╭─ Provided entries
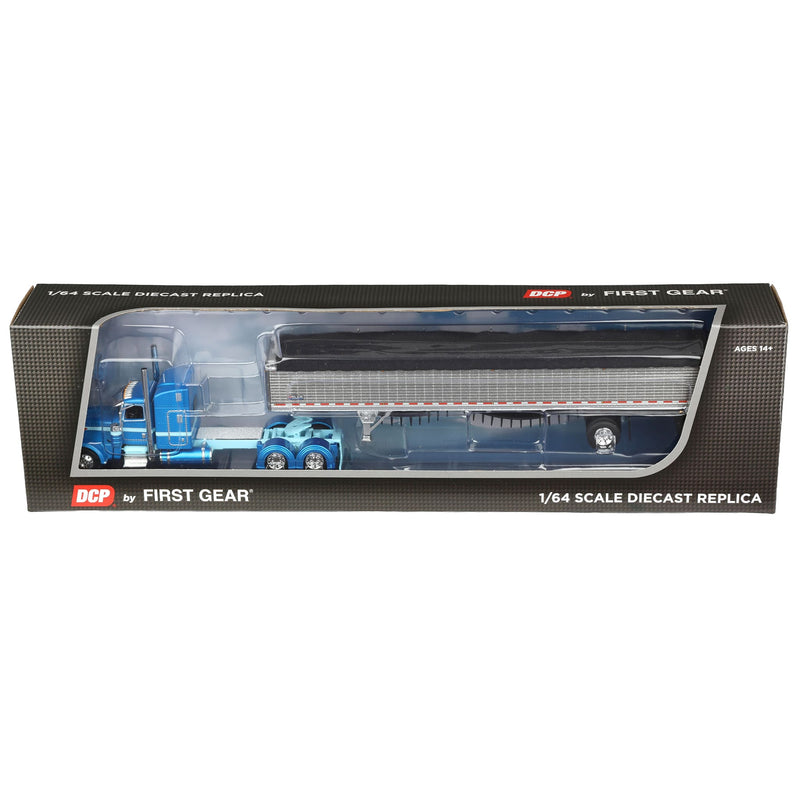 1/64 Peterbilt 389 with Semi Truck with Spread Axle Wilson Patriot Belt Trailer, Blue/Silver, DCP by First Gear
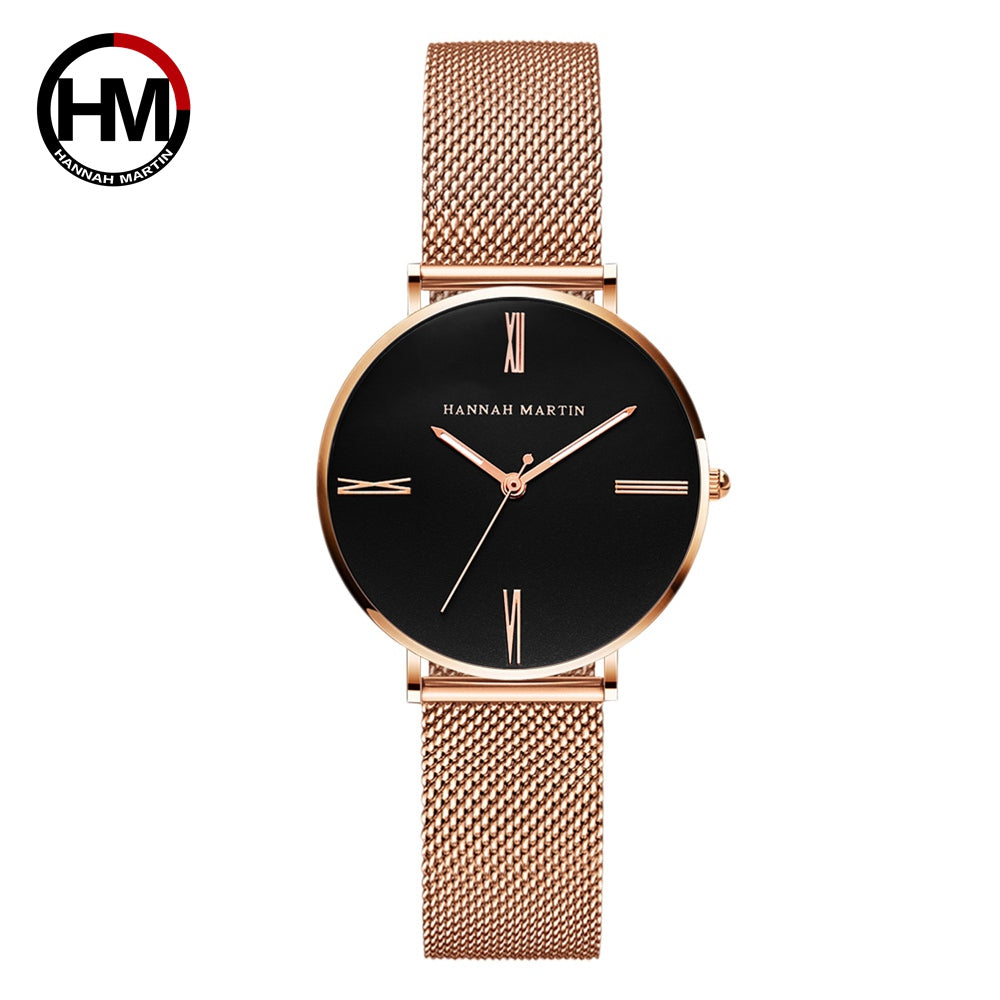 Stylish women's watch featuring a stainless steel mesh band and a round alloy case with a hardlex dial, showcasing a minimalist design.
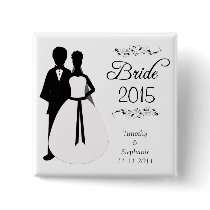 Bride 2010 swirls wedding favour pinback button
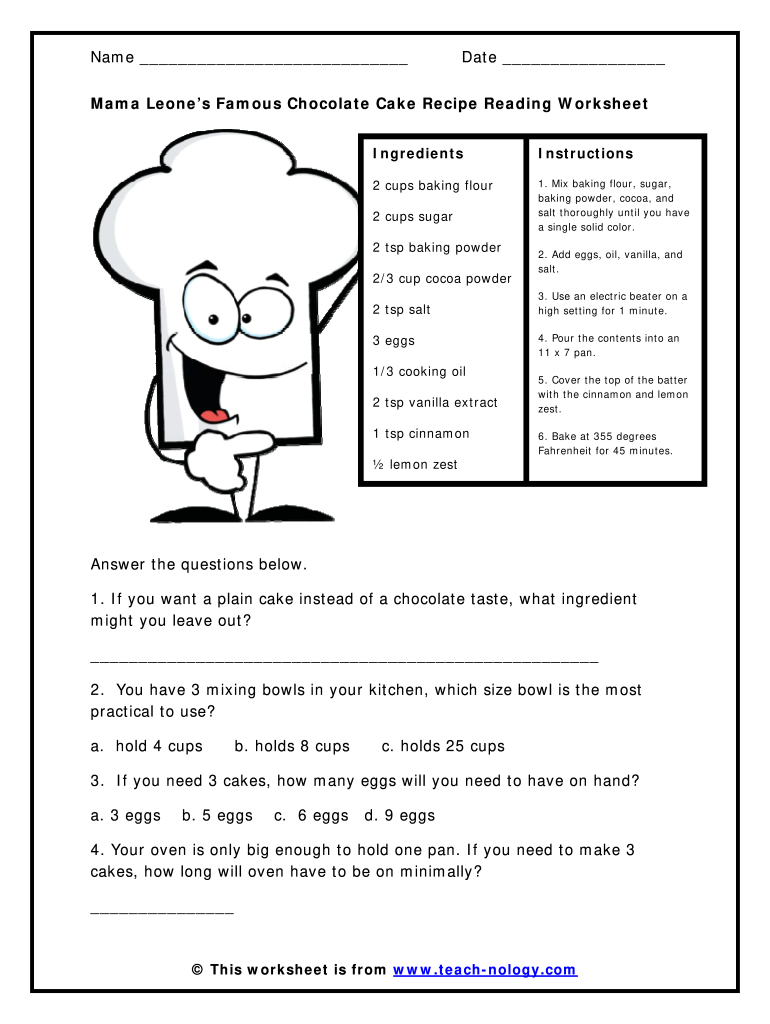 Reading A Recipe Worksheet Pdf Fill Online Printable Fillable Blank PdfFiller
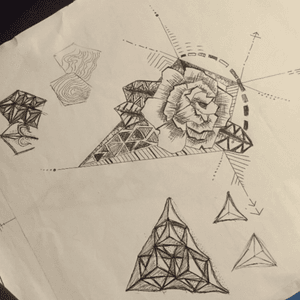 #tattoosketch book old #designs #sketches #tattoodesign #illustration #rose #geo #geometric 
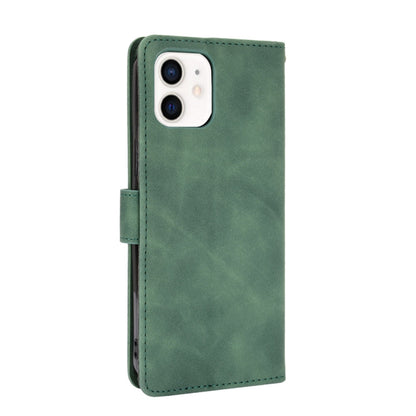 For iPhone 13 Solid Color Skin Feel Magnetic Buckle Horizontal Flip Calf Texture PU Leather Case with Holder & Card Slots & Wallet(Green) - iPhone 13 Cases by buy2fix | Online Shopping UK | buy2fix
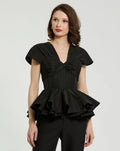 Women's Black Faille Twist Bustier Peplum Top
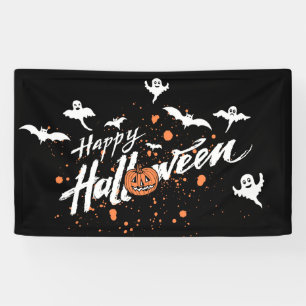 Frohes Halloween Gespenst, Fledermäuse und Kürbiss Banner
╰─
# Exercise description:
Leave out the pictures and print each record exactly as it stands.

# Exercise output:
 1/64 Peterbilt 389 with Semi Truck with Spread Axle Wilson Patriot Belt Trailer, Blue/Silver, DCP by First Gear
 Stylish women's watch featuring a stainless steel mesh band and a round alloy case with a hardlex dial, showcasing a minimalist design.
 Bride 2010 swirls wedding favour pinback button
 Reading A Recipe Worksheet Pdf Fill Online Printable Fillable Blank PdfFiller
 #tattoosketch book old #designs #sketches #tattoodesign #illustration #rose #geo #geometric 
 For iPhone 13 Solid Color Skin Feel Magnetic Buckle Horizontal Flip Calf Texture PU Leather Case with Holder & Card Slots & Wallet(Green) - iPhone 13 Cases by buy2fix | Online Shopping UK | buy2fix
 Women's Black Faille Twist Bustier Peplum Top
 Frohes Halloween Gespenst, Fledermäuse und Kürbiss Banner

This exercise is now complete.